View Lessons by Subject > Science > Relevance
(Environmental): I co-teach a semester-long environmental science and policy course for 11th and 12th grade students. In this course, we have had one to two major assignments each semester that ask students to carefully examine a specific way in which they or their school impacts the environment (such as water use, transportation, electricity use, etc.), quantify their impact, and come up with a specific proposal to improve [the situation]…These projects have been excellent learning experiences for the students. They get to choose a topic that is interesting to them and study it deeply enough to understand the many environmental impacts of the activity (such as the impacts of driving cars, maintaining athletic fields, installing solar panels at the school). They gain an awareness of the many ways in which their lifestyles impact the environment. Most students have never been asked to think about environmental impact in this way, and they are often surprised to learn about their individual roles, and how easy it is to make important changes. They get excited about what they learn, share it with their friends and family, and also feel pride and accomplishment when their work results in a change at the school.
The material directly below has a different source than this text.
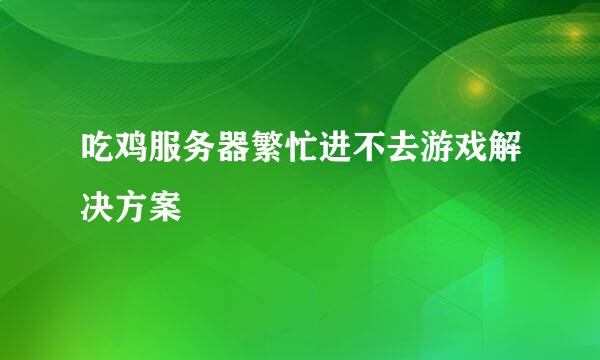 吃鸡服务器繁忙进不去游戏解决方案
(Physics): An example of one school assignment that particularly motivated me was a lab we completed in Physics. During this lab we recorded data about a car rolling down and off a simple plastic ramp. We discussed various properties including velocity, acceleration, and inertia. The challenge: calculate the precise landing location of the car, place a metal can on it, and watch and see if your car lands in it. So why did I enjoy this one, average lab so much? It combined a subject that I really enjoy with a challenge, and allowed me to apply what I have been learning in the classroom to a real-life situation. It allowed me to look forward to more of these challenges in the future as well as to get excited about plenty of real-world situations that I will encounter after I graduate from high school.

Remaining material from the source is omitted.